Zeïnabou A. Touré : « C’est Fouss qui a assassiné mon fils ! »

Âgée de soixante ans, Zeinabou Abdoulaye Touré fait partie des familles de victimes présentes au procès Sanogo. Aliou Boncana Maiga, son fils fait partie des 21 bérets rouges dont les corps ont été découverts en décembre 2013 à Diago. C’est dans sa chambre d’hôtel au Kaaky Palace qu’elle nous a reçu. 

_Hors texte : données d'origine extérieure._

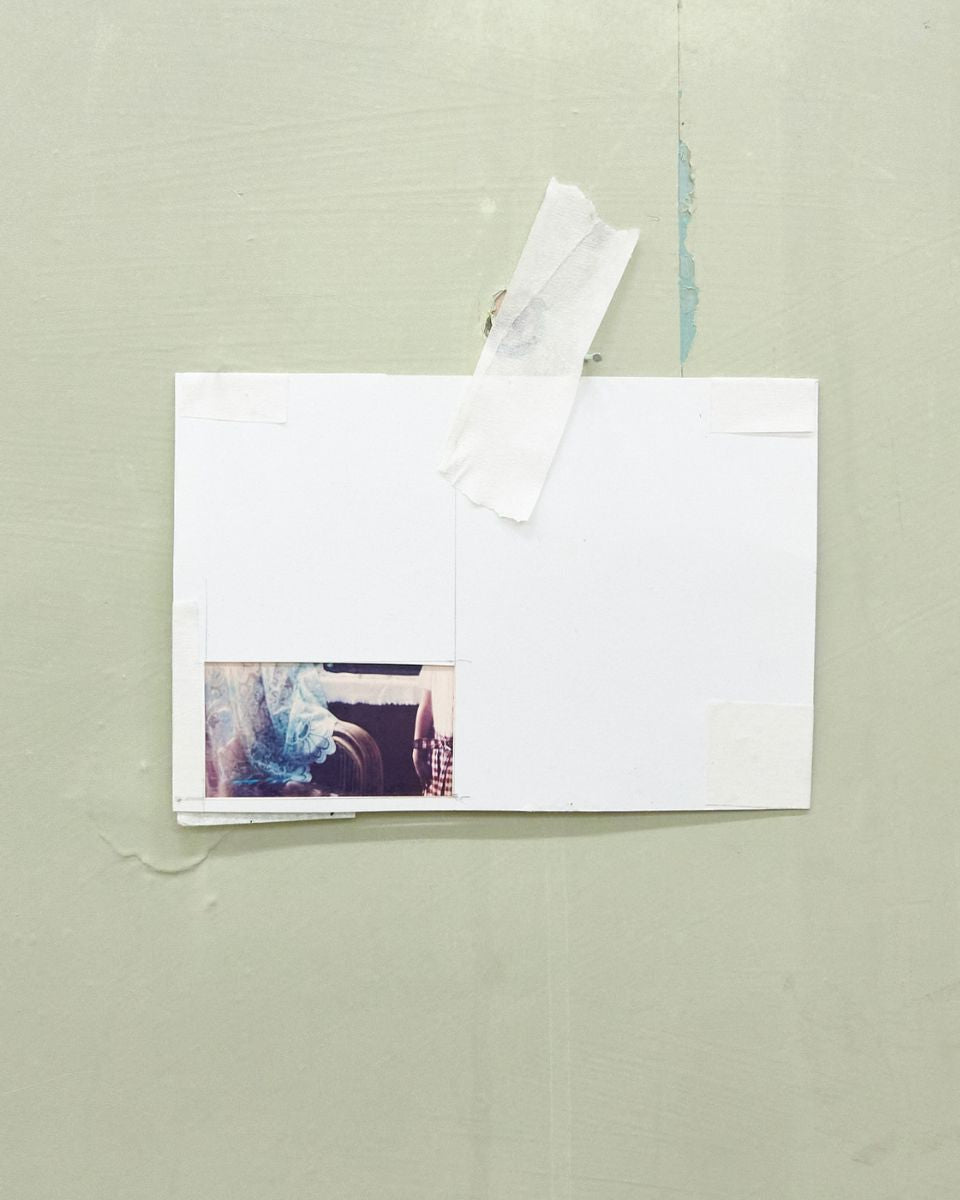 Small photographic print taped with masking tape onto a light sage green studio wall.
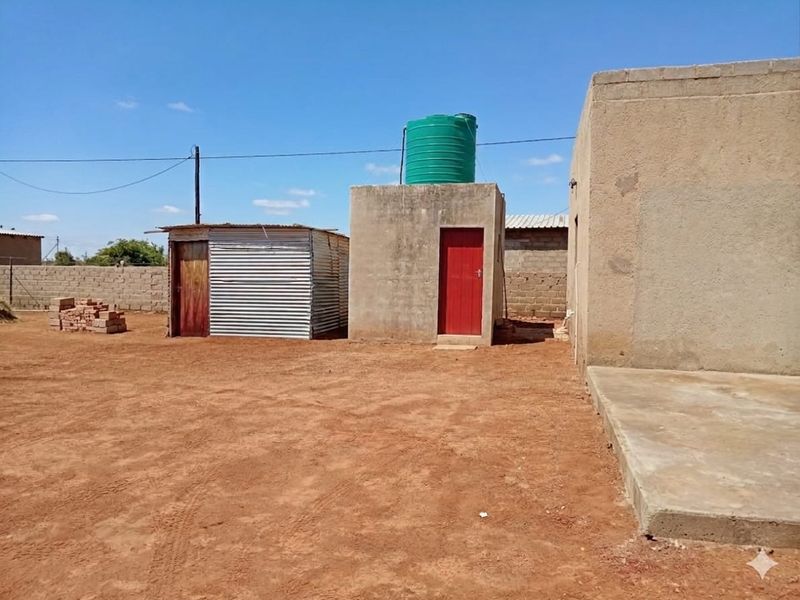 Rear exterior view showing a concrete masonry structure with a water tank, a corrugated metal shed, and an unpaved yard area.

Journal du Mali : Vous faites partie des familles de victimes, pouvez-vous nous raconter votre histoire ?
Zeïnabou Abdoulaye Toure : je suis la mère de Aliou Boncana Maiga, soldat béret rouge de 2ème classe. J’étais chez moi à Mayena dans le cercle de Bafoulabe du 30 au 1er mai 2012 lorsque j’ai vu à la TV mon fils aux mains d’un soldat béret Vert qui le questionnait. Je n’ai pas compris pourquoi Aliou se trouvait dans une telle situation. J’ai donc appelé immédiatement son père au téléphone pour lui demander d’allumer la télé. Le lendemain j’ai appelé ma petite sœur à Bamako chez qui Aliou vivait quand il n’était pas au camp. C’est comme ça que j’ai eu la confirmation de son arrestation. La veille Aliou avait quitté la maison de sa tante pour ses cours d’anglais. Il a été arrêté lors d’une fouille dans un Sotrama alors qu’il rentrait à la maison. Ne pouvant plus d’attendre, j’ai décidé de me rendre à Bamako. Entre temps ses frères ont visité les commissariats et gendarmeries de Bamako. L’un des frères d’Aliou, un béret vert, a été jusqu’au camp de Kati pour dire quAliou ne faisait pas partie des militaires qui ont participé au coup d’État. Malgré cela, il n’a pas été relâché. Je me suis rendu sur place. J‘ai rencontré au camp un garde du corps de Haya Sanogo. Il se faisait appeler Rougeo. J’ai demandé à rencontrer Haya. Après une altercation entre moi et Rougeo, Haya est finalement sorti de son bureau. Je lui ai fait part de l’objet de ma visite. Il ma répondu en ces termes, « maman votre fils va bien ainsi que tous les autres. Rentrez vous reposer et tranquillisez-vous ». J’ai demandé à parler à mon fils au téléphone, il a refusé. Le lendemain j’ai été à Konna ensuite à Sikasso à la recherche de mon fils. Lorsque le charnier de Diago a été découvert, j’ai rejoins le juge Yaya Karembé ainsi que d’autres familles des victimes. On a été entendu. Ensuite nous avons effectué un test ADN avec les corps des soldats morts. Aliou se trouvait parmi les 21 soldats assassinés. Depuis, je ne dors plus.

Quel genre d’homme était Aliou ?
Il avait 28 ans lors de son arrestation. Il était grand et costaud. Il a été tué alors qu’il était fiancé. Aliou a une fille. Elle a sept ans aujourd’hui. J
e n’ai appris son existence qu’après sa mort. Aliou a quatre frères et quatre sœurs. Il était le cadet des garçons. C’était un jeune homme poli, respectueux et gentil. Il n’aurait pas faire de mal a une mouche. Il a été lâchement abattu par des individus mal intentionnés.

Après l’ouverture du procès hier et sa suspension de 48 heures, quelles sont vos impressions sur le procès à ce stade ?
Les avocats de la défense ne savaient pas que le procès atteindrait un tel niveau. Le délai de 48 heures demandé par la défense signifie beaucoup pour nous car ils savent que les victimes représentés par le collectif des avocats de la partie civile sont prêts à aller jusqu’au bout. Ils n’ont pas demandé deux jours de suspension pour rien. Ils savent ce que nous avons comme preuve.

Quelles sont vos attentes dans ce procès ?
Que justice soit faite. Que les coupables soient condamnés.

Pensez-vous que l’assassin de votre fils se trouve parmi les 18 accusés ?
Je le sais et j’ai les preuves. Un soldat nous l’a dit. Je suis certaine que c’est Fousseni Diarra dit Fouss.

Si vous étiez amenée à rencontrer une fois de plus Amadou Haya Sanogo. Que lui diriez-vous ?
Je lui dirais juste que lorsqu’il m’a dit que mon fils et les autres sont en parfaite santé, ils le sont maintenant. C’est tout. Il comprendra.